┌─ PROVIDED DATA

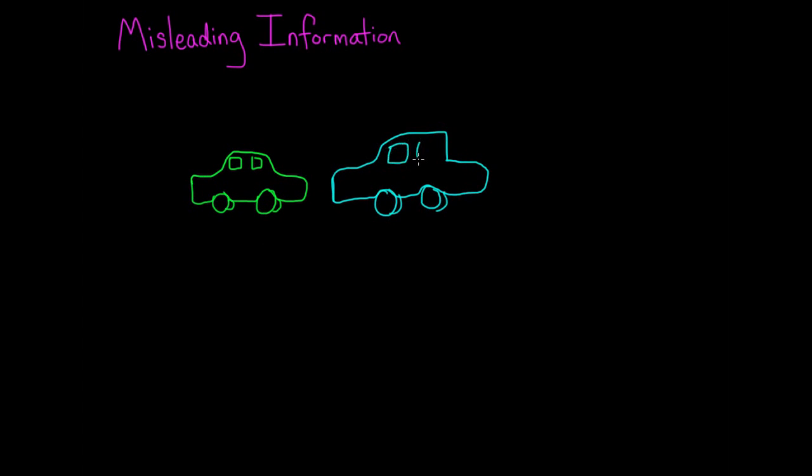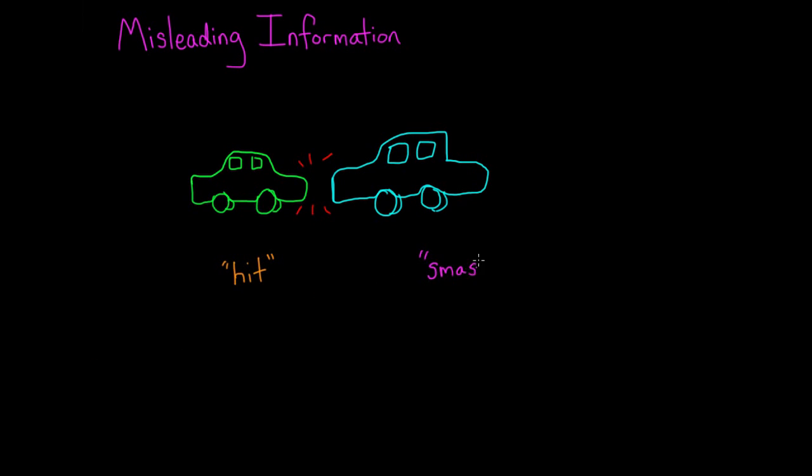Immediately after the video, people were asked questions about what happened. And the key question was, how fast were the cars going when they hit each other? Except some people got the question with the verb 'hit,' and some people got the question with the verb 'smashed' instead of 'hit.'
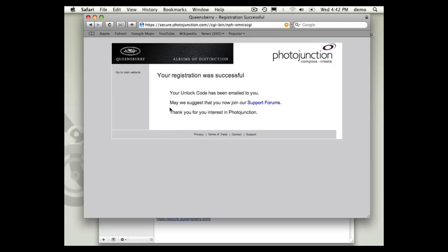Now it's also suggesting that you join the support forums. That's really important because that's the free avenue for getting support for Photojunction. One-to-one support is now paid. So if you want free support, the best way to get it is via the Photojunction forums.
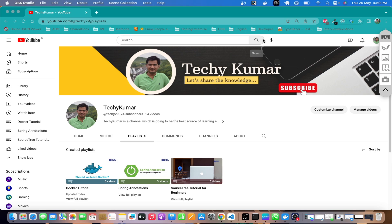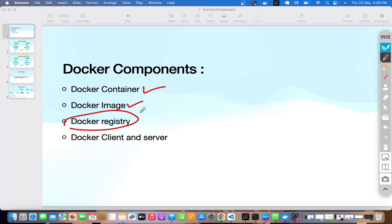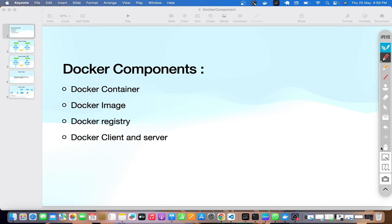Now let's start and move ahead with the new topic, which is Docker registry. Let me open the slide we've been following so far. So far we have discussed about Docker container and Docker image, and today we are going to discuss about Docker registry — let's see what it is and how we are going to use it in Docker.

└─

* _ACTIVITY_
Transcribe the whole listing exactly as it stands, apart from the pictures.

* _TASK SOLUTION_
Immediately after the video, people were asked questions about what happened. And the key question was, how fast were the cars going when they hit each other? Except some people got the question with the verb 'hit,' and some people got the question with the verb 'smashed' instead of 'hit.'
Now it's also suggesting that you join the support forums. That's really important because that's the free avenue for getting support for Photojunction. One-to-one support is now paid. So if you want free support, the best way to get it is via the Photojunction forums.
Now let's start and move ahead with the new topic, which is Docker registry. Let me open the slide we've been following so far. So far we have discussed about Docker container and Docker image, and today we are going to discuss about Docker registry — let's see what it is and how we are going to use it in Docker.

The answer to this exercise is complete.